Description of the task: The line with "Topura Rocker 7" marks the first line to copy, and the line with "cecotec CONGA ROCKSTAR" marks the last. Transcribe that stretch of the data below exactly, without pictures.
---------- Data for processing ----------
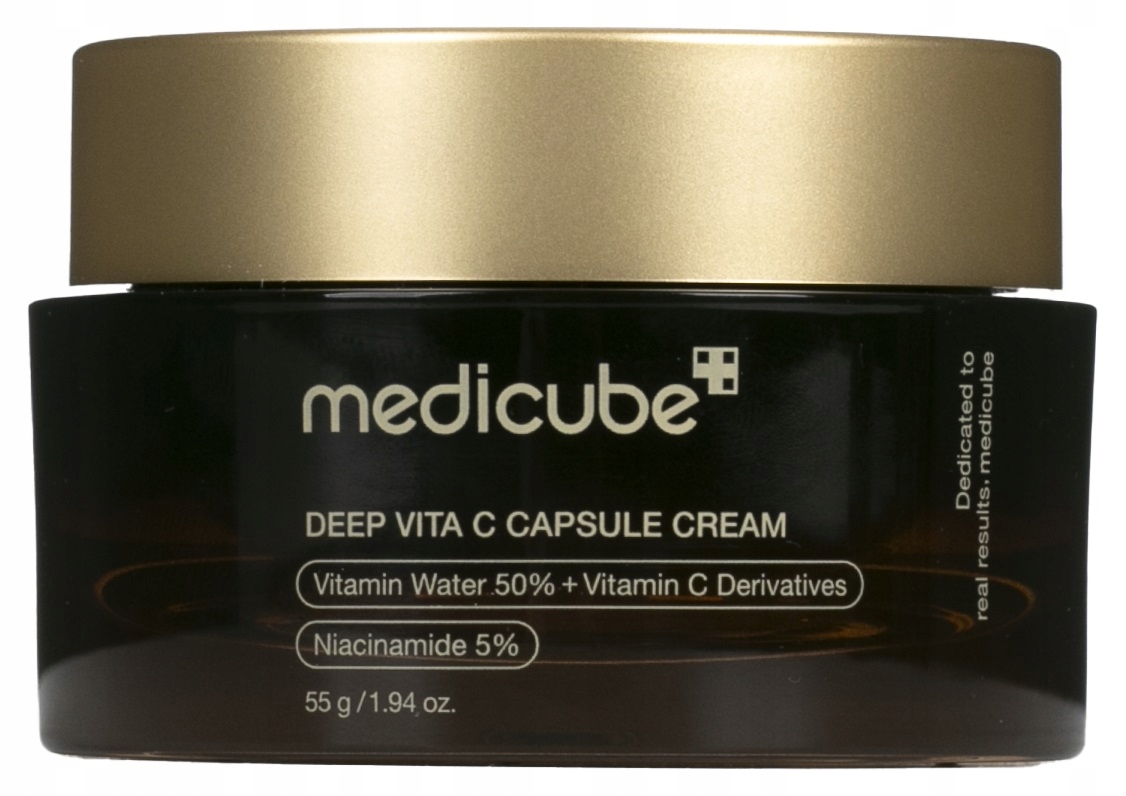 Medicube Rozjaśniająco-ujędrniający krem do twarzy z witaminą C 55 g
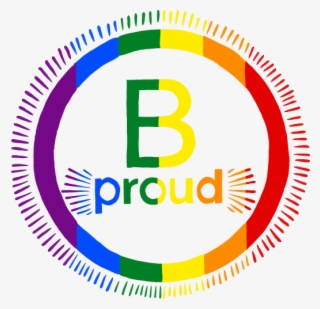 B Proud Logo Circle - Facebook #5139735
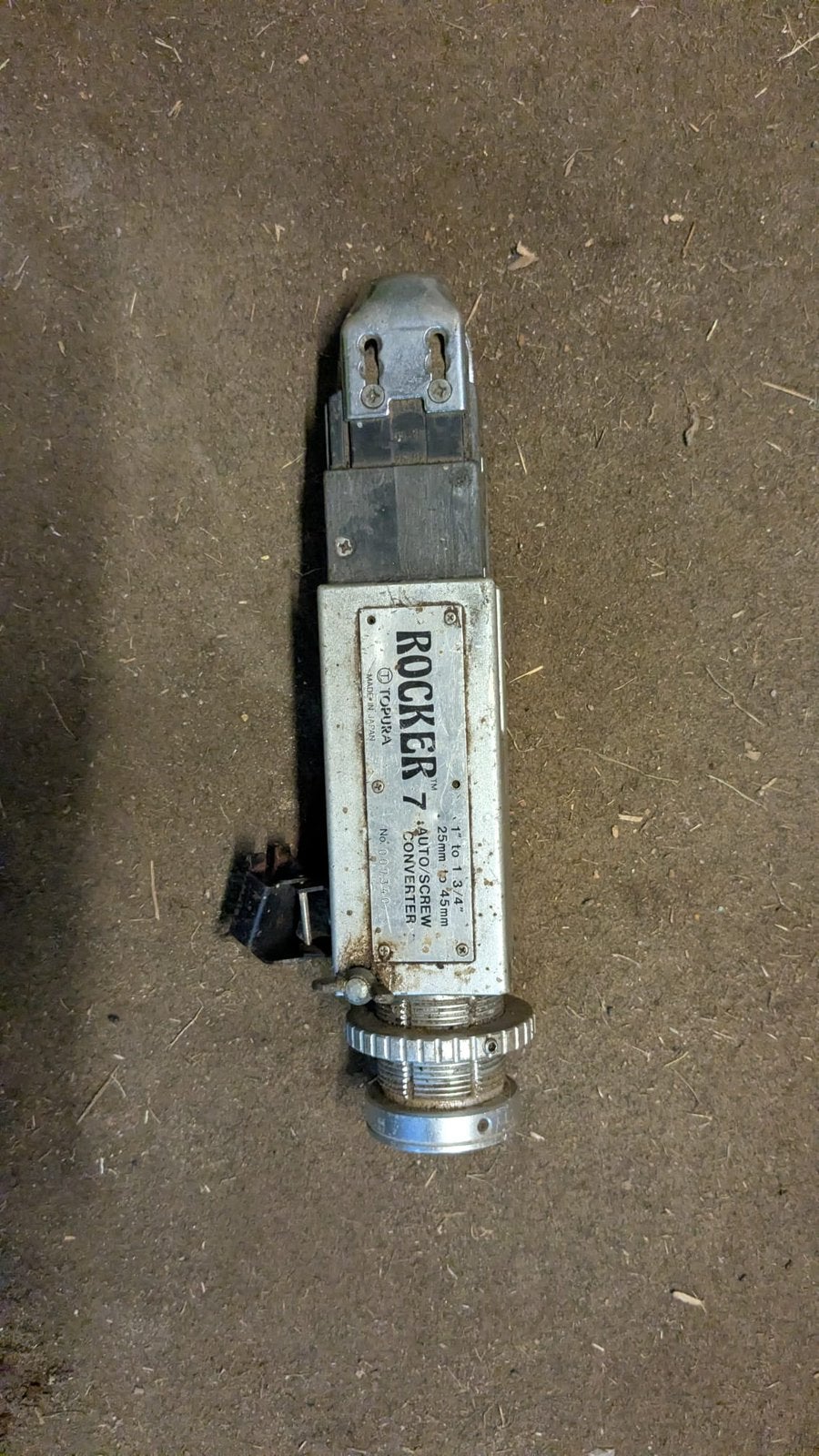 Topura Rocker 7 automatische schroefbevestiging, Ophalen of Verzenden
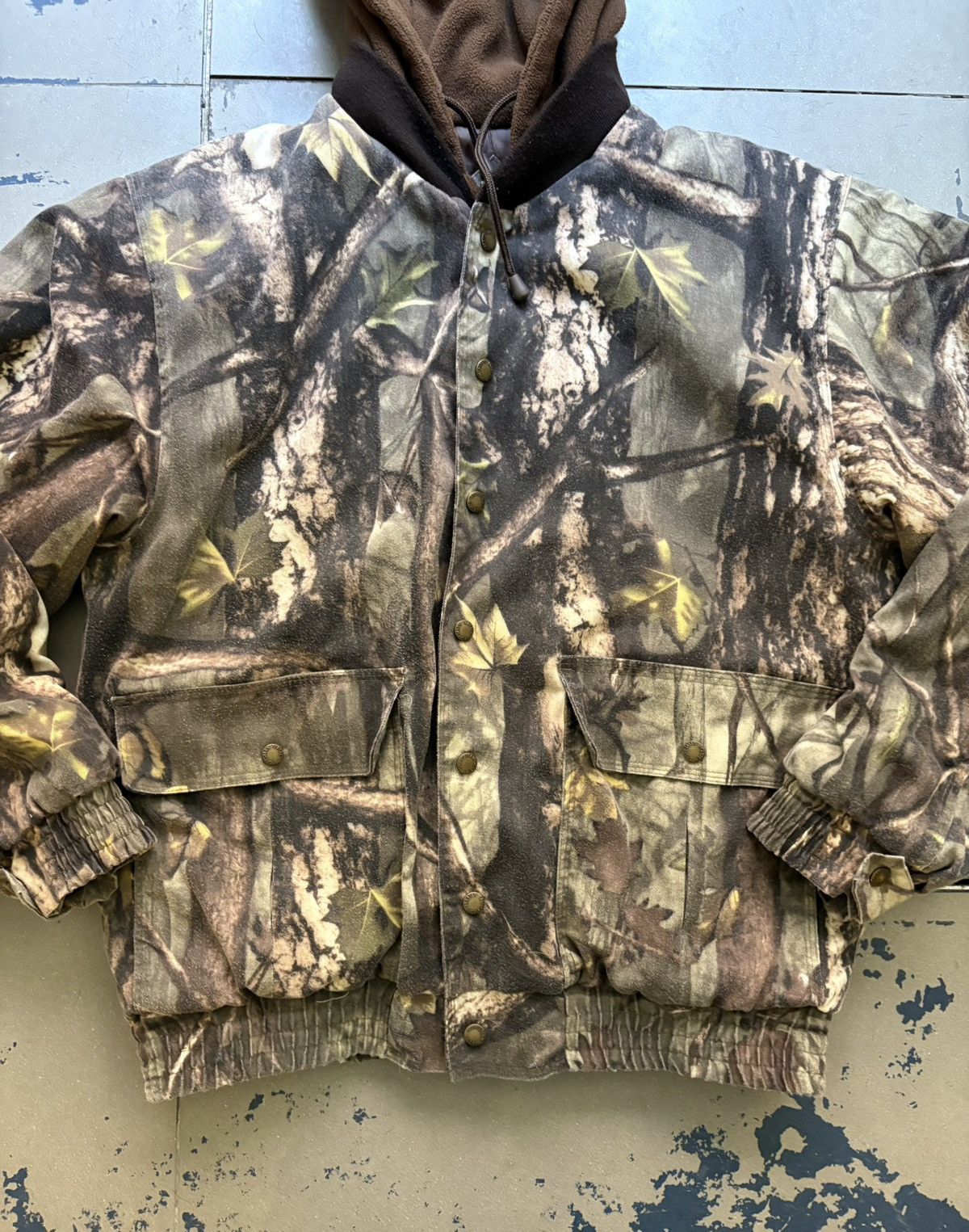 Supreme Vintage Realtree Camouflage Hoodie Jacket Size US L / EU 52-54 / 3 - 6 Thumbnail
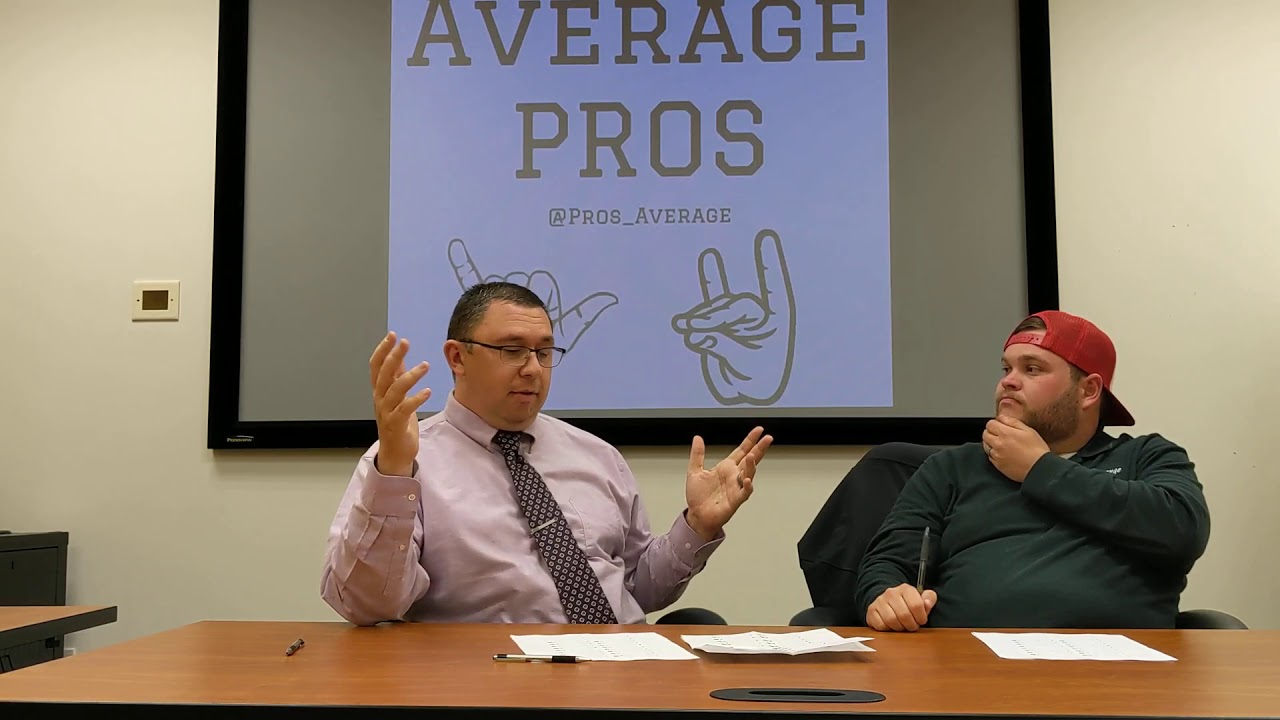 Average Pros Episode 14 with bonus food review - YouTube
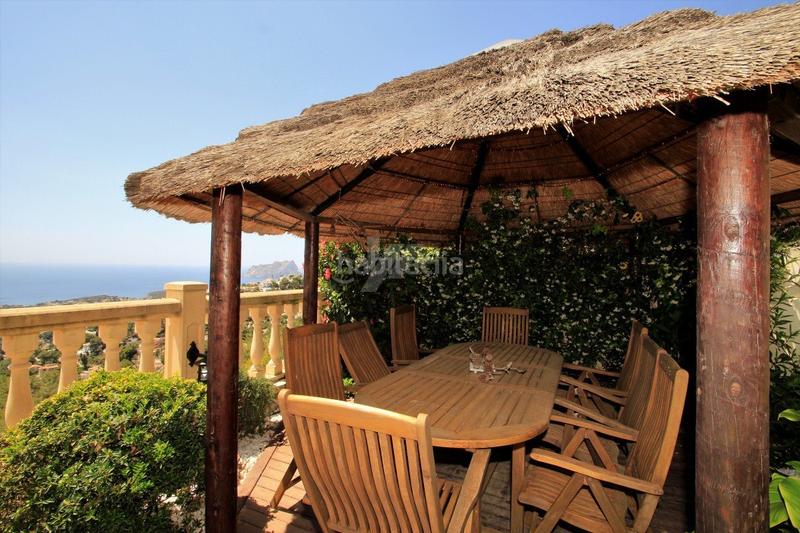 Foto 72b59db0-188a-493d-8209-a24feed37d86. Chalet mit heizung parking pool in Benimeit-Tabaira Moraira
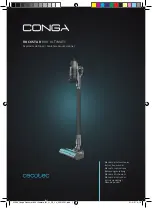 cecotec CONGA ROCKSTAR ULTIMATE 800 Instruction Manual предпросмотр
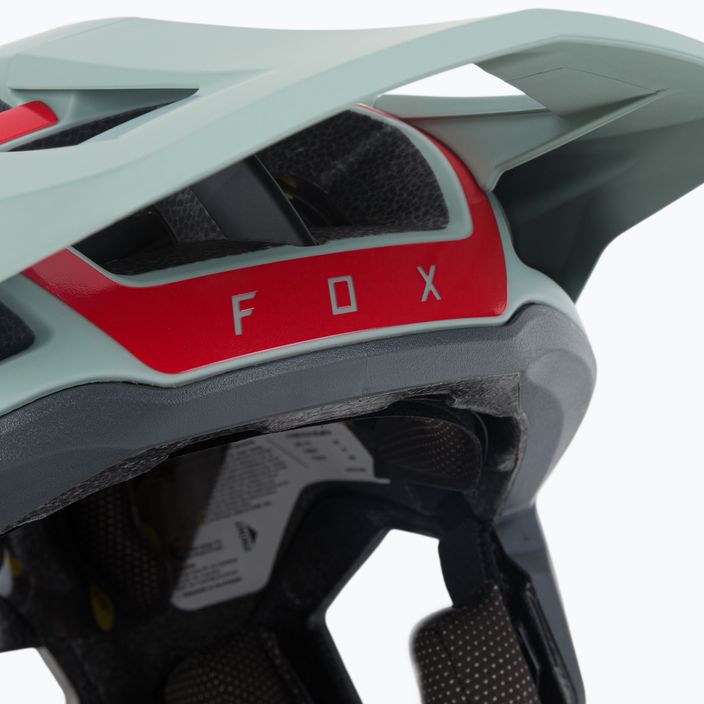 Fahrradhelm Fox Racing Dropframe Pro grün 268_341 7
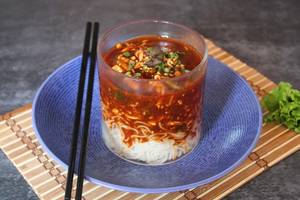 Dan Dan Noodles Vegetarian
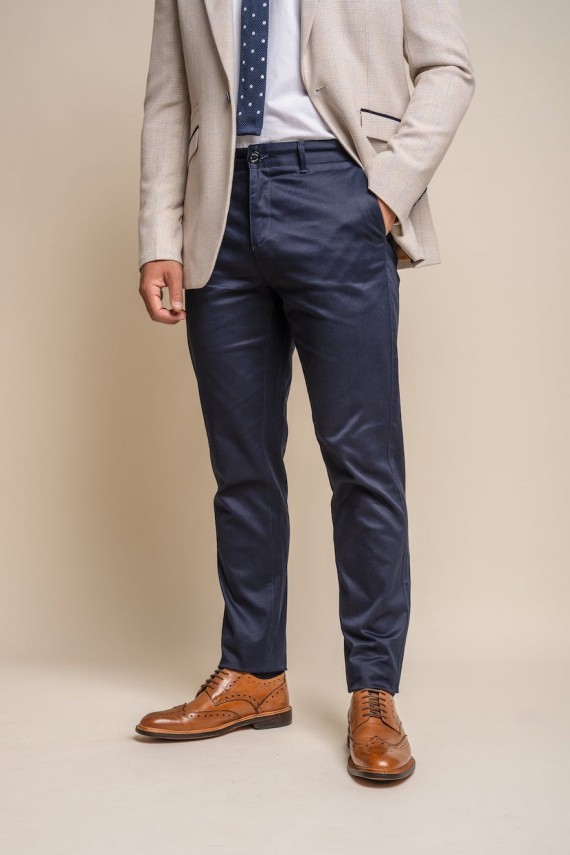 Dakota Chino Trouser Navy
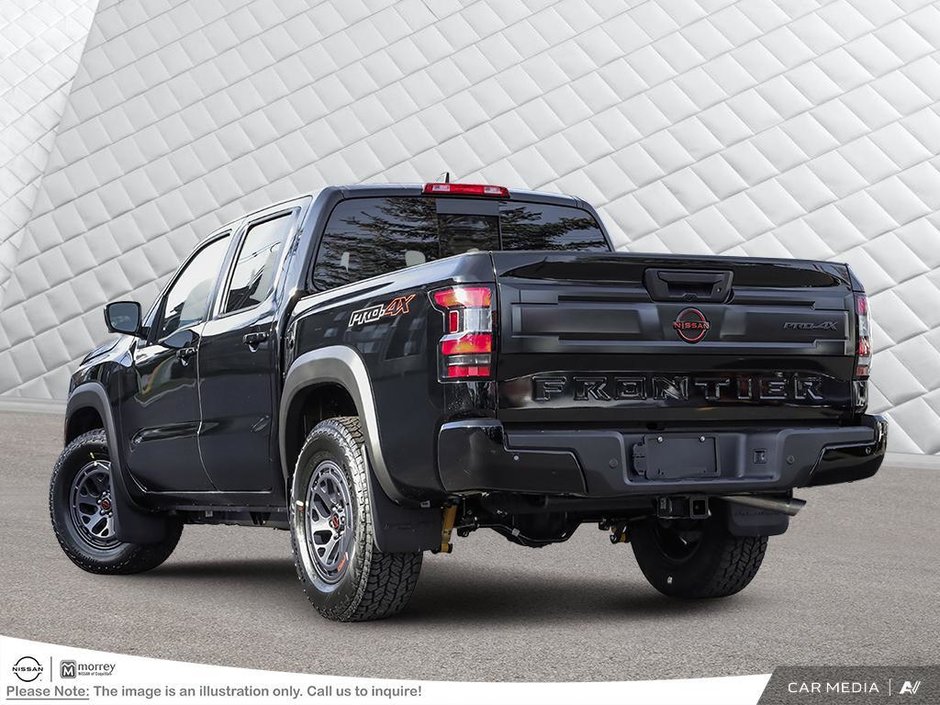 2025 Nissan Frontier PRO-4X Luxury-3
----------
Answer box:
 Topura Rocker 7 automatische schroefbevestiging, Ophalen of Verzenden
 Supreme Vintage Realtree Camouflage Hoodie Jacket Size US L / EU 52-54 / 3 - 6 Thumbnail
 Average Pros Episode 14 with bonus food review - YouTube
 Foto 72b59db0-188a-493d-8209-a24feed37d86. Chalet mit heizung parking pool in Benimeit-Tabaira Moraira
 cecotec CONGA ROCKSTAR ULTIMATE 800 Instruction Manual предпросмотр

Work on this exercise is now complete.